Rust criticism from a Rustacean
I've been using Rust for a little over three years now and I absolutely love it. Rust makes good on a lot of it's promises. Rust makes highly reliable software, makes concurrency and parrallel code much easier to reason about, and will make you a better programmer even on those occasions that you write some code in another language. I could continue heaping praise. But that's not the point of this post. No, this post is about taking an honest look at what I think are a few of Rust's shortcomings. Or at the very least, things that I wish had been done a little differently in the early days and which are now pretty firmly entrenched and thus difficult to fix.
1. std
calls into libc
Sometimes you want, or need, to call into some really low level functionality
provided by the OS. Rust is a systems programming language after all. You might
be surprised just how often the official or semi-blessed solution is calling into
Libc under the hood. I was when I looked at it. This has a number of implications.
It's difficult to build a system completely with Rust because std requires libc.
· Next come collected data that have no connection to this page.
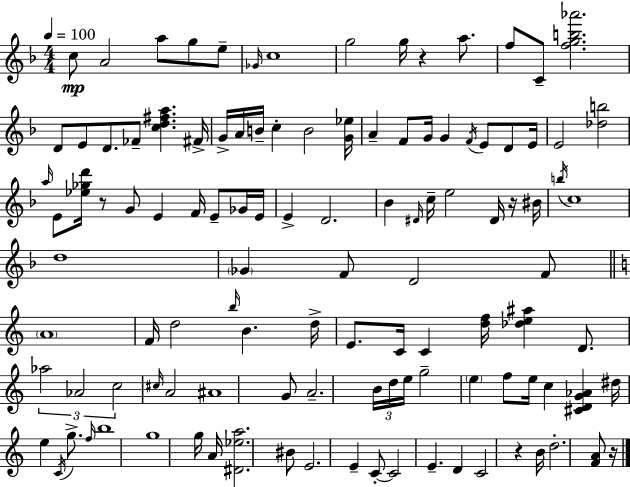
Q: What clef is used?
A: treble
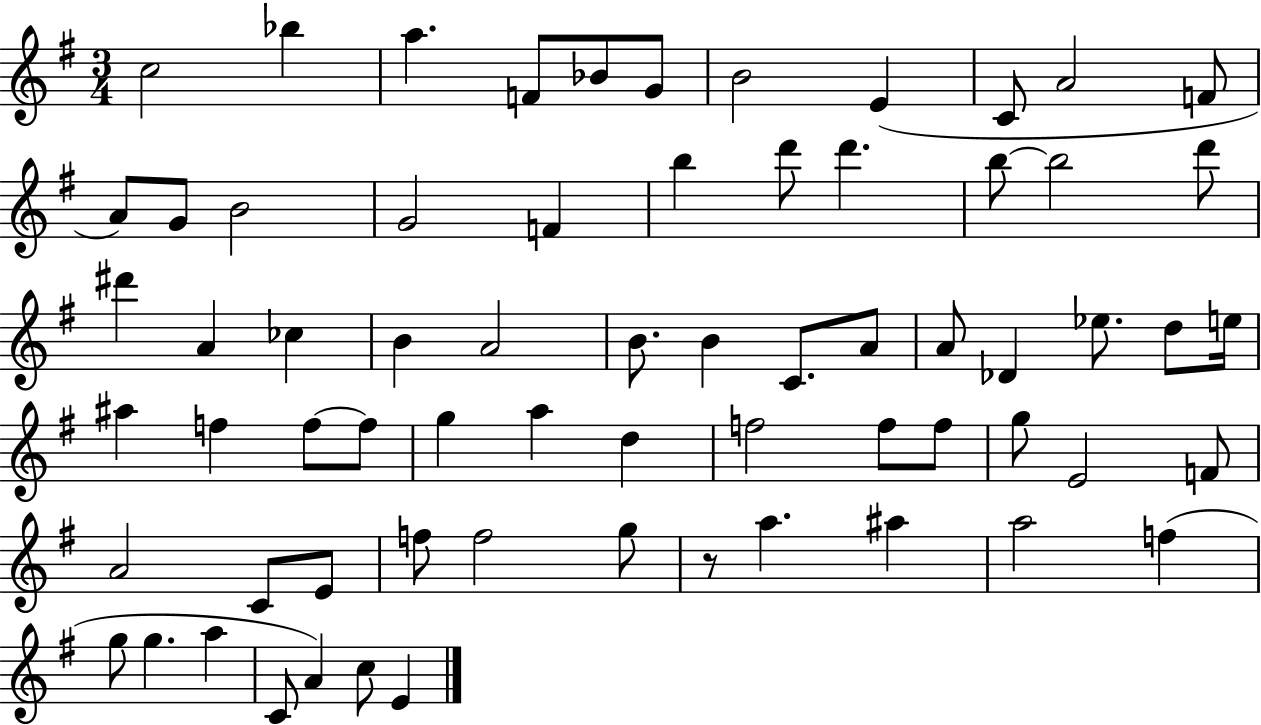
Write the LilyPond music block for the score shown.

{
  \clef treble
  \numericTimeSignature
  \time 3/4
  \key g \major
  c''2 bes''4 | a''4. f'8 bes'8 g'8 | b'2 e'4( | c'8 a'2 f'8 | \break a'8) g'8 b'2 | g'2 f'4 | b''4 d'''8 d'''4. | b''8~~ b''2 d'''8 | \break dis'''4 a'4 ces''4 | b'4 a'2 | b'8. b'4 c'8. a'8 | a'8 des'4 ees''8. d''8 e''16 | \break ais''4 f''4 f''8~~ f''8 | g''4 a''4 d''4 | f''2 f''8 f''8 | g''8 e'2 f'8 | \break a'2 c'8 e'8 | f''8 f''2 g''8 | r8 a''4. ais''4 | a''2 f''4( | \break g''8 g''4. a''4 | c'8 a'4) c''8 e'4 | \bar "|."
}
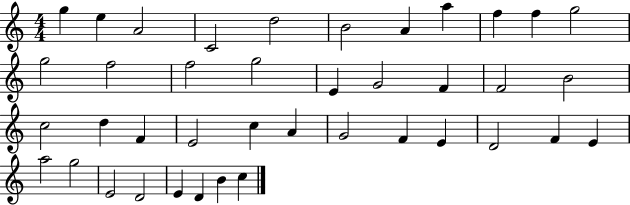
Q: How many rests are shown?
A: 0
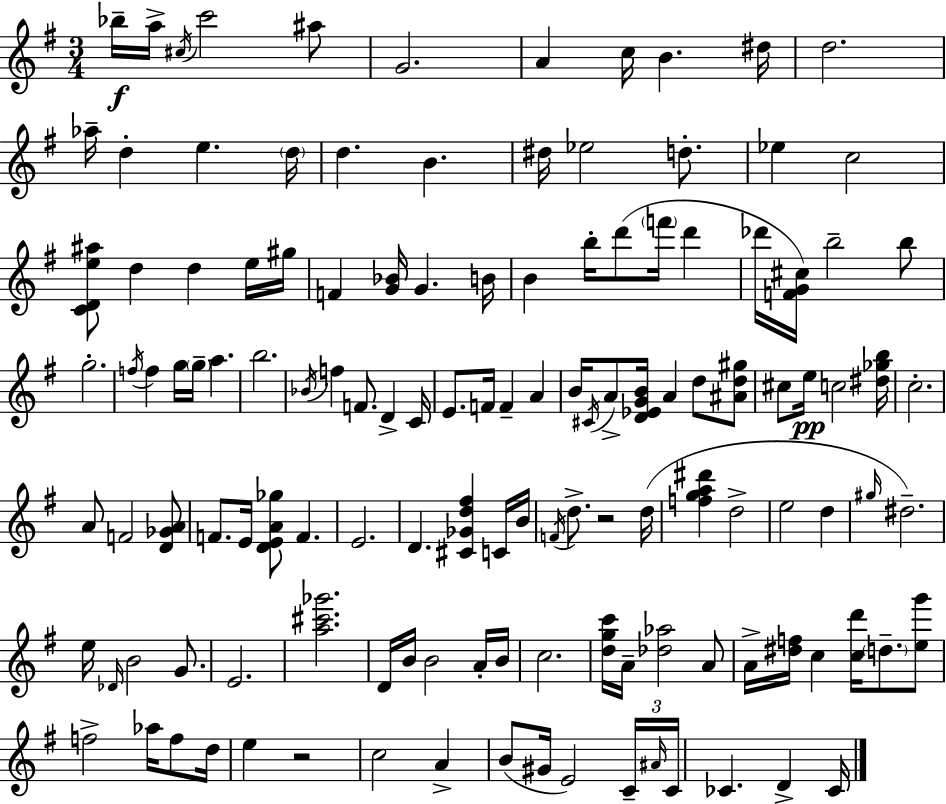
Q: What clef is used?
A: treble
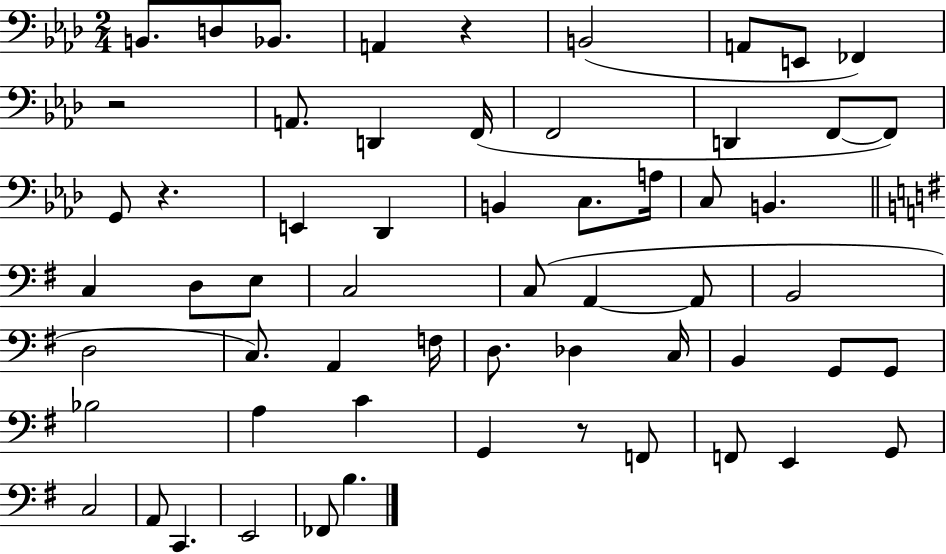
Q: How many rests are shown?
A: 4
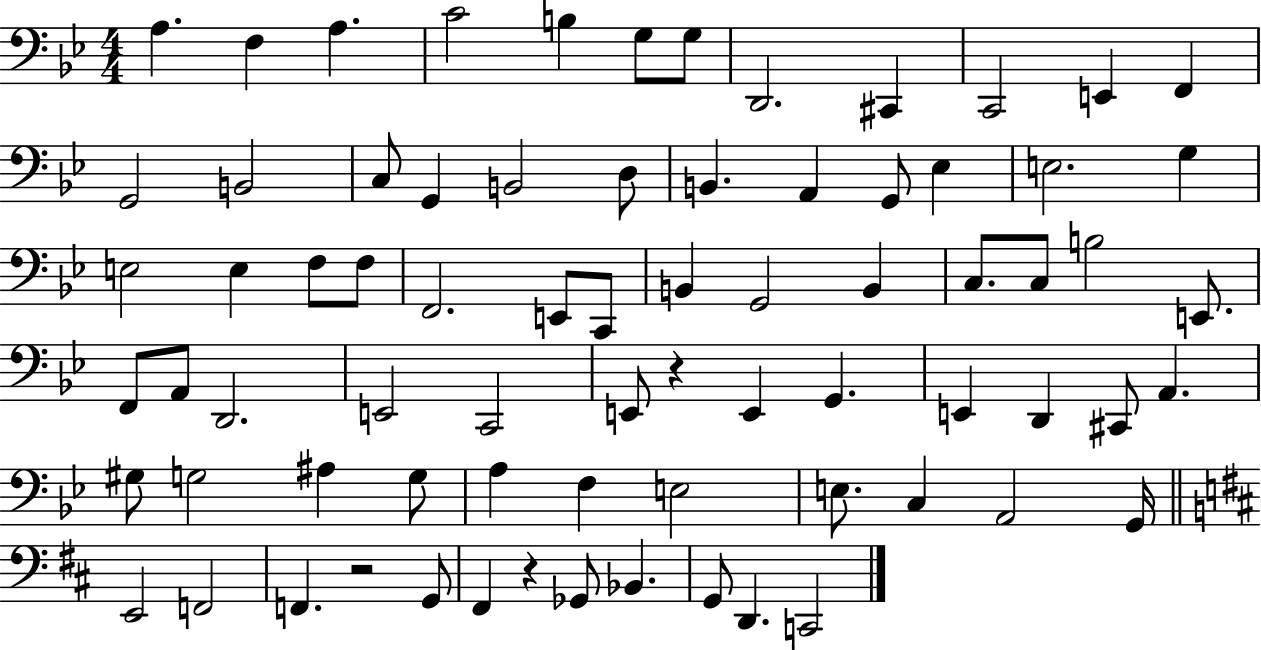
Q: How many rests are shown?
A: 3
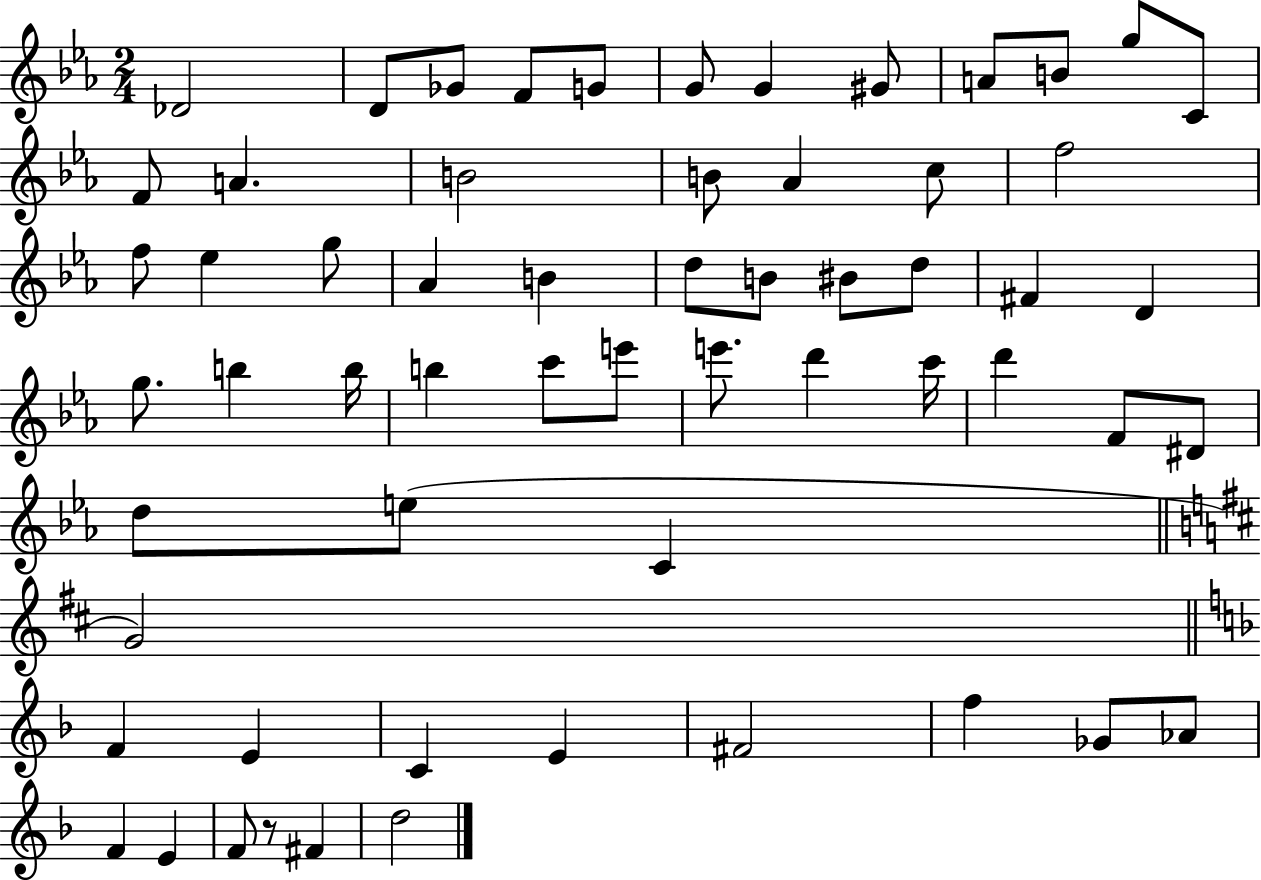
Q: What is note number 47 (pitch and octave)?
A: F4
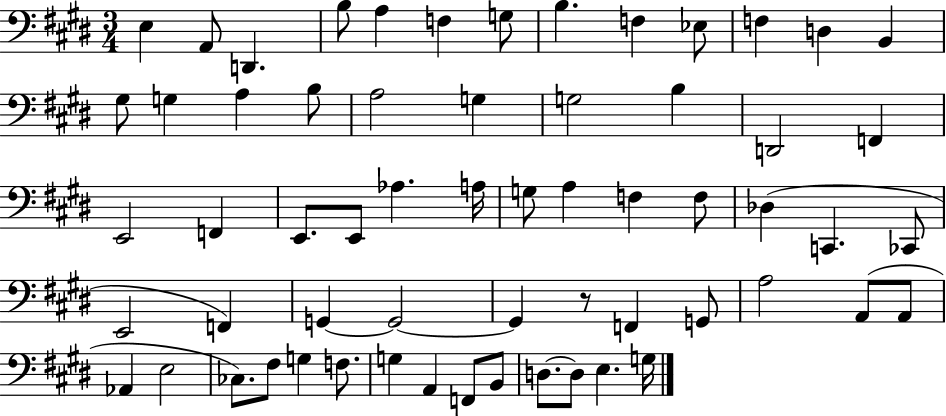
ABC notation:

X:1
T:Untitled
M:3/4
L:1/4
K:E
E, A,,/2 D,, B,/2 A, F, G,/2 B, F, _E,/2 F, D, B,, ^G,/2 G, A, B,/2 A,2 G, G,2 B, D,,2 F,, E,,2 F,, E,,/2 E,,/2 _A, A,/4 G,/2 A, F, F,/2 _D, C,, _C,,/2 E,,2 F,, G,, G,,2 G,, z/2 F,, G,,/2 A,2 A,,/2 A,,/2 _A,, E,2 _C,/2 ^F,/2 G, F,/2 G, A,, F,,/2 B,,/2 D,/2 D,/2 E, G,/4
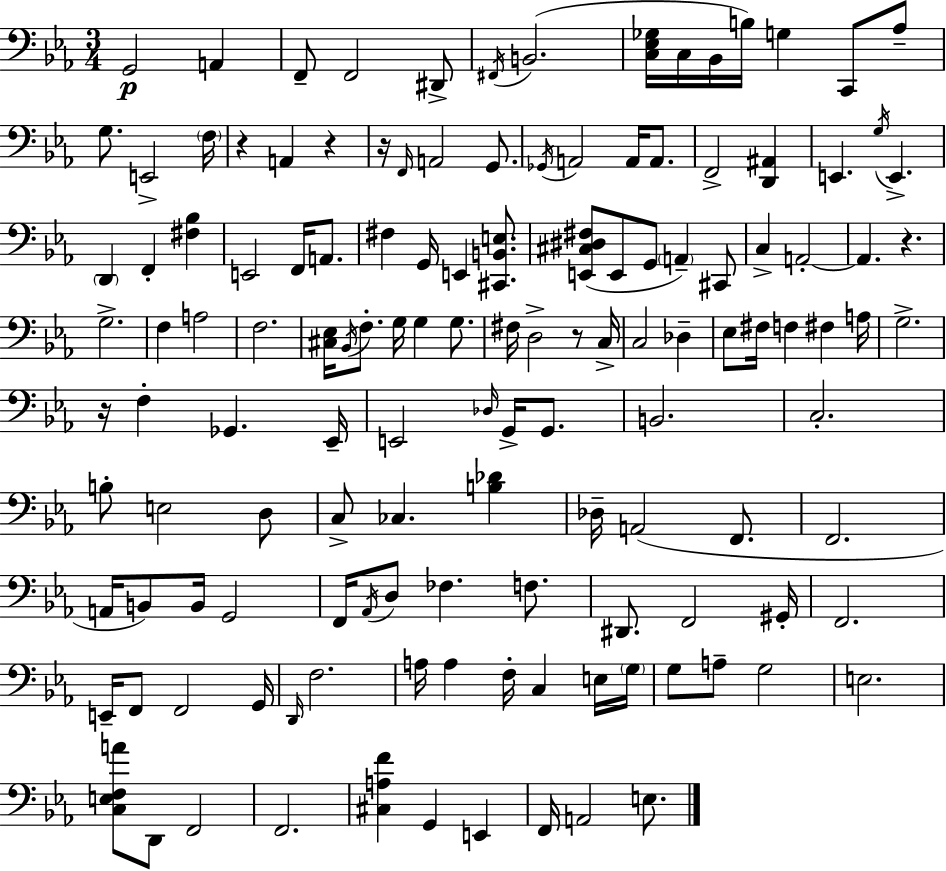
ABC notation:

X:1
T:Untitled
M:3/4
L:1/4
K:Eb
G,,2 A,, F,,/2 F,,2 ^D,,/2 ^F,,/4 B,,2 [C,_E,_G,]/4 C,/4 _B,,/4 B,/4 G, C,,/2 _A,/2 G,/2 E,,2 F,/4 z A,, z z/4 F,,/4 A,,2 G,,/2 _G,,/4 A,,2 A,,/4 A,,/2 F,,2 [D,,^A,,] E,, G,/4 E,, D,, F,, [^F,_B,] E,,2 F,,/4 A,,/2 ^F, G,,/4 E,, [^C,,B,,E,]/2 [E,,^C,^D,^F,]/2 E,,/2 G,,/2 A,, ^C,,/2 C, A,,2 A,, z G,2 F, A,2 F,2 [^C,_E,]/4 _B,,/4 F,/2 G,/4 G, G,/2 ^F,/4 D,2 z/2 C,/4 C,2 _D, _E,/2 ^F,/4 F, ^F, A,/4 G,2 z/4 F, _G,, _E,,/4 E,,2 _D,/4 G,,/4 G,,/2 B,,2 C,2 B,/2 E,2 D,/2 C,/2 _C, [B,_D] _D,/4 A,,2 F,,/2 F,,2 A,,/4 B,,/2 B,,/4 G,,2 F,,/4 _A,,/4 D,/2 _F, F,/2 ^D,,/2 F,,2 ^G,,/4 F,,2 E,,/4 F,,/2 F,,2 G,,/4 D,,/4 F,2 A,/4 A, F,/4 C, E,/4 G,/4 G,/2 A,/2 G,2 E,2 [C,E,F,A]/2 D,,/2 F,,2 F,,2 [^C,A,F] G,, E,, F,,/4 A,,2 E,/2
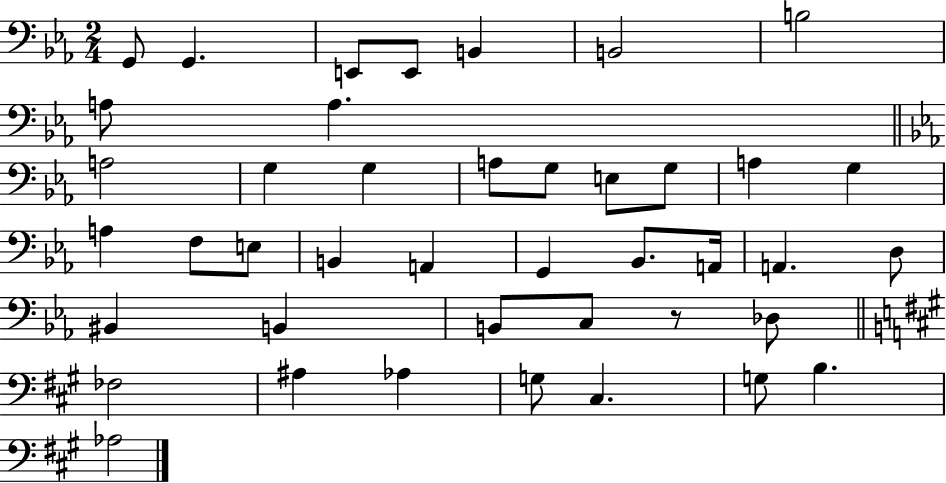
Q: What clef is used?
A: bass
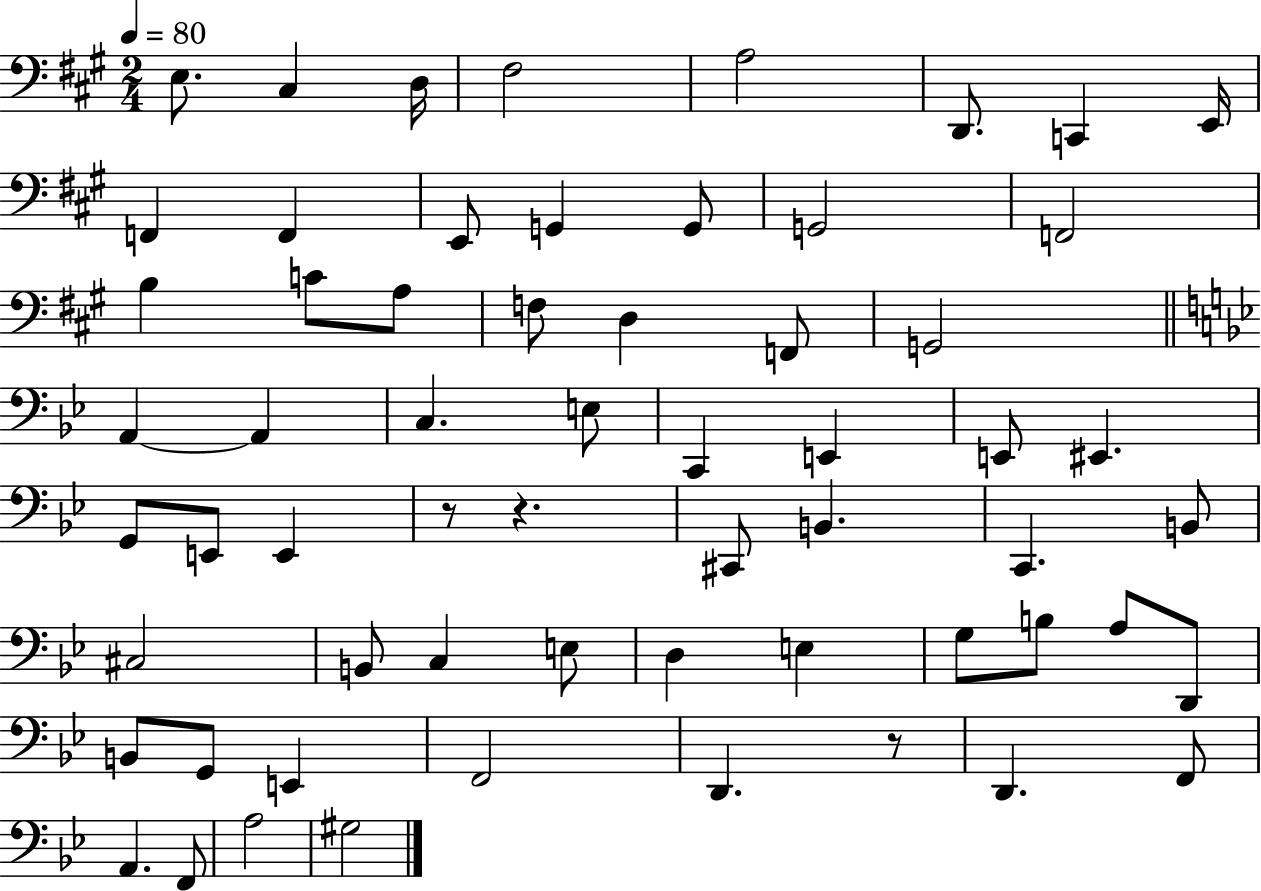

The Redox project had to write their own libc, in Rust, in order to solve that
chicken and egg problem. They still aren't self hosting and a lot of the reason
revolves around porting rustc itself, which depends on std
(and thus libc.
If you poke around in the source code of any give libc implementation (I recommend
either the NetBSD code base or Musl) then what you tend to see after a while is
that a huge amount of the provided functionality is a thin wrapper around the
syscall interface. When you start doing low level but not quite embedded sorts
of programming in Rust, you quickly discover that not all of those system call
wrappers are provided by std
. In fact, there isn't even a way to make syscalls
using std
. More on that later.
There have been a couple of abortive attempts to change this by creating a version
of std
that is freestanding from libc. They have mostly come to nothing because
there hasn't been enough community interest to sustain a project of that magnitude.
I find this kind of sad. I also want to contrast this with Zig, whose standard
library not only doesn't rely on libc but also provides a syscall interface to
the programmer.
2. Making syscalls in Rust
There is no official way to make syscalls in Rust, but there are crates on crates.io
which can provide this functionality. So let's look at the first one which pops
up when one does a search on crates.io, the
aptly names syscall
crate. The syscall
crate was last updated 7 years ago. The
repository no longer exists. It supports the following platforms.
- x86 Linux
- x86_64 Linux
- x86_64 freebsd
- armeabi Linux
- x86_64 MacOS
Wow, so no updates in 7 years, and that is a really short list of supported platforms!
Having explored this space previously, I happen to know that the sc
crate was
forked from the syscall
crate a pretty long time ago when the latter became
abandoned by it's author. It also has a much longer list of supported platforms.
- x86 Linux
- x86_64 Linux
- x86_64 FreeBSD
- x86_64 MacOS
- armeabi Linux
- aarch64 Linux
- aarch64 MacOS
- mips and mips64 Linux
- powerpc and powerpc64 Linux
- riscv64 Linux
- sparc64 Linux
Ok, so that list is much better. It's literally twice as long. If you're paying
attention you'll no doubt have noticed that Linux is the only OS getting much
in the way of love here, though. If you're using FreeBSD on anything other than
x86_64 you're still out in the cold, and if you care about NetBSD, OpenBSD or
Solaris you're just plain SOL. Your only recourse at that point is to either call
into inline assembly or to use the libc
crate. I don't consider that a good
state of affairs for a systems programming language. Your systems programming
language should be capable of interop with other languages but probably shouldn't
require calling into C just to provide full functionality, such as interacting
with the kernel.
3. The crates ecosystem is based on GitHub and has a flat namespace
Ok, so part of this calls back into the previous section. Remember the (abandoned)
syscall
crate? The fact that anyone can publish on crates.io and then subsequently
abandon their crate means that over time these situations are coming up more and
more. This is something that I am far from the only person criticizing, so please
can we have namespaced crates already? Pretty please, with sugar on top? This was
a laughably bad design choice right from the start.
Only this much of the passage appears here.